PythonCall spends a lot of time showing stuff for JAX

Hi everyone, especially @cjdoris!

I’m trying to call JAX from Julia and I find that PythonCall.jl has a lot of overhead in a simple conversion case due to… printing? Has anyone run into the same issue?

Setup code:

using BenchmarkTools, CondaPkg, PythonCall
CondaPkg.add("numpy")
CondaPkg.add_pip("jax")
np = pyimport("numpy")
jnp = pyimport("jax.numpy")
x = rand(Float32, 1000);

Benchmark:

julia> @btime $(np.array)($x);  # fast
  2.049 μs (17 allocations: 464 bytes)

julia> @btime $(jnp.array)($x);  # slow
  2.400 ms (8386 allocations: 524.22 KiB)

Profiling:

julia> @profview for _ in 1:100; jnp.array(x); end

Weird, it seems like some conversion is going through repr rather than using the Python buffer interface. What if you call jnp.asarray(x)?
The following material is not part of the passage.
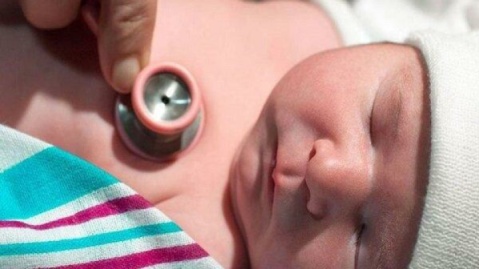 نجات نوزاد ۴۰ روزه از خفگی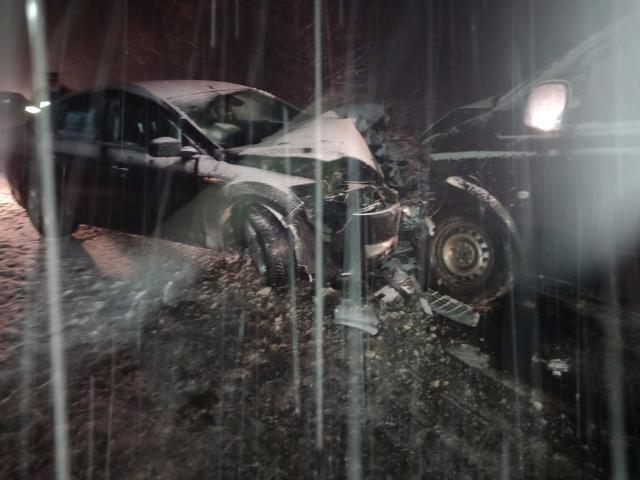 Bărbat rănit, după ce o șoferiță a pierdut controlul mașinii pe zăpadă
Ok so it appears that jnp.array(x) is calling str(x) and repr(x) several times for some reason. I wonder if jnp.array tries a bunch of ways to convert x to an array, and the earlier tries involve throwing (then catching) an exception whose message includes x.

Same results unfortunately.

That’s probably what happens. By first using np.array followed by jnp.array I divide the overhead by 10:

julia> @btime $(np.array)($x);  # fast
  3.073 μs (17 allocations: 464 bytes)

julia> @btime $(jnp.array)($(np.array(x)));
  105.150 μs (2 allocations: 32 bytes)

Of course the question is how much better this can get (it is a pretty crucial operation in GitHub - gdalle/DifferentiationInterfaceJAX.jl).

EDIT: Perhaps I can get away with using only np.array, will report back.